George Shultz drew a line against certain anti-communist militants; Washington hardliners had other ideas.
The Guerrilla from the Renamo in Mozambique

The testimony of several witnesses during the current impeachment hearings in the House of Representatives highlighted one important and ominous point. Ambassador William B. Taylor, Deputy Assistant Secretary of State George P. Kent, and others made it clear that they did not object merely to President Trump’s controversial phone call with Ukrainian President Volodymyr Zelensky in which Trump appeared to seek a quid pro quo. No, they saw Trump’s entire Ukraine policy as insufficiently hardline and therefore unacceptable. 

Indeed, Taylor and Kent seemed to think it was improper for the president to change any aspect of a staunchly supportive U.S. policy toward Kiev and a correspondingly hostile policy toward Russia. Far from being loyal subordinates executing the White House’s vision, they opposed the president’s approach and anointed themselves as guardians of appropriate policy.

Unfortunately, such behavior on the part of foreign policy careerists is far from new; it has merely become more pervasive and brazen during the Trump years. This is indicative of what Trump’s supporters—and others—contend is a campaign by the “deep state,” meaning career officials in the foreign policy bureaucracy and the intelligence agencies, to undermine the president’s foreign policy. Defenders of Taylor, Kent, and other Trump opponents within the foreign policy apparatus either praise them as patriotic dissenters or scoff at the notion that a deep state even exists.

It is extraordinarily naïve to assert that powerful bureaucracies and their key personnel do not protect their institutional interests, push policies in directions they prefer, and attempt to dilute, delay, or defeat initiatives they oppose. Such behavior is a long-standing characteristic of entrenched institutions.

An episode from Ronald Reagan’s presidency illustrates how the CIA seeks to manipulate policy.

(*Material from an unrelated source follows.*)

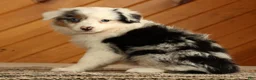 Australian Shepherd dogs for sale: Tina - Ad 5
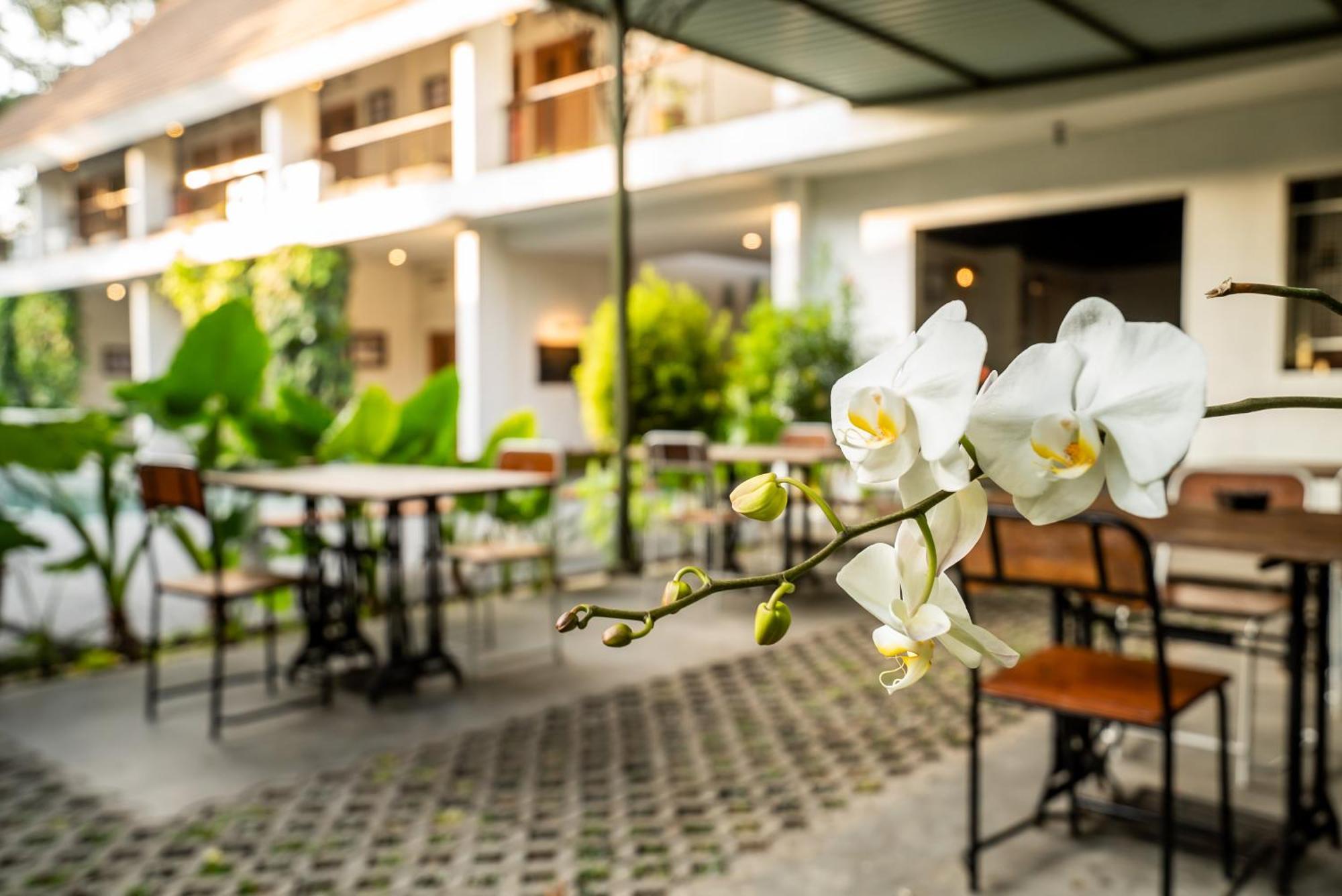Hotel Blambangan Banyuwangi  Exterior foto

The agency’s target was Secretary of State George Shultz, who was then applying the Reagan Doctrine and providing U.S. aid to anti-communist rebels in the Third World. Shultz was the chief intellectual architect of the Reagan Doctrine, which he presented in detail during a February 1985 speech to the Commonwealth Club in San Francisco. But that intellectual pedigree did not shield him from attempted policy sabotage.

Despite his overall enthusiasm for the Reagan Doctrine in places such as Afghanistan, Nicaragua, and Angola, Shultz drew the line at supporting some particularly unsavory alleged freedom fighters. He was especially wary of the anti-communist insurgency in Mozambique led by the Resistencia National Mozambicana, or RENAMO. Shultz recalled that when it came to implementing the Reagan Doctrine, “I took care to know who and what the United States was funding.” He stressed that “I steadfastly insisted that we refuse to give backing to the atrocity-prone RENAMO.”  

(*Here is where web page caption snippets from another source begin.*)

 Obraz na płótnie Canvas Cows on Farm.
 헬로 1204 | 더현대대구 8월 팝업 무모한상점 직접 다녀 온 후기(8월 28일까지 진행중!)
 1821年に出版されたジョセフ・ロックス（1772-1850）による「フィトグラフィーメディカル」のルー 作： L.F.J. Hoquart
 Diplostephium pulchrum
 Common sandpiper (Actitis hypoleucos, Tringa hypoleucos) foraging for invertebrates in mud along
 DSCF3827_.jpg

Shultz fretted that “President Reagan could be led to agree with the proposition that all freedom fighters,” even RENAMO, “deserved unquestioned support.” CIA director William Casey and other hardliners within the Agency, the secretary of state lamented, were more than happy to lead the compliant president in that direction, even if it meant undermining Shultz and other senior policymakers who favored a more moderate approach. Indeed, the State Department found its diplomatic initiatives subjected to repeated bureaucratic subversion. Not only did proponents of aid to RENAMO within the CIA misrepresent the behavior and ideological nature of the insurgent force, they wildly exaggerated its battlefield successes and the extent of support it enjoyed from the people of Mozambique. Shultz noted that in late 1985, briefers from the CIA “were showing their audiences in the administration and Congress a map of Mozambique to indicate—falsely—that RENAMO controlled virtually the entire country.”  

The CIA’s sabotage was not confined to policy regarding Mozambique. Later that decade, during delicate negotiations to achieve a ceasefire and subsequent accord between Angola’s government and insurgent leader Jonas Savimbi, Shultz fumed that (emphasis added) “right-wing staffers from Congress, fueled by information from the CIA, were meddling—visiting Savimbi, trying to convince him that [Assistant Secretary of State Chester] Crocker and I would sell him out.”

Such behavior should debunk the notion that the CIA and other bureaucratic careerists are merely obedient public servants dedicated to executing policies that elected officials and their high-level political appointees have adopted. Such operatives have their own policy preferences, and they are not shy about pushing them, nor do they hesitate to impede or undermine policies they dislike. 

Perhaps even more troubling, deep state personnel in the CIA, Pentagon, and State Department seem to have a distinct bias in favor of highly activist policies. CIA analysts and briefers regarded even the principal architect of the Reagan Doctrine as insufficiently committed in southern Africa. There is a noticeable parallel to the current bureaucratic opposition to Trump’s handling of Ukraine and Russia. The allegation that Trump has abandoned Kiev and pursues an appeasement policy toward Russia is absurd. His support for Kiev has actually been far more substantial than the approach the Obama administration adopted. Yet even that harder line is apparently not hard enough for establishment career diplomats and their allies.

Treating such saboteurs as heroic patriots is both obscene and dangerous. The honorable course for subordinates who disagree with a president’s policies is to resign and then express criticism. Adopting a termite strategy while working in a presidential administration is profoundly unethical. For Congress and the media to praise bureaucratic subversion is horridly myopic. The last thing defenders of a democratic republic should do is to encourage unelected—and in the case of the intelligence agencies, deeply secretive—bureaucrats to pursue their own rogue policy agendas. 

Ted Galen Carpenter, a senior fellow in security studies at the Cato Institute and a contributing editor at The American Conservative, is the author of 12 books and more than 850 articles on international affairs. His latest book is NATO: The Dangerous Dinosaur (2019).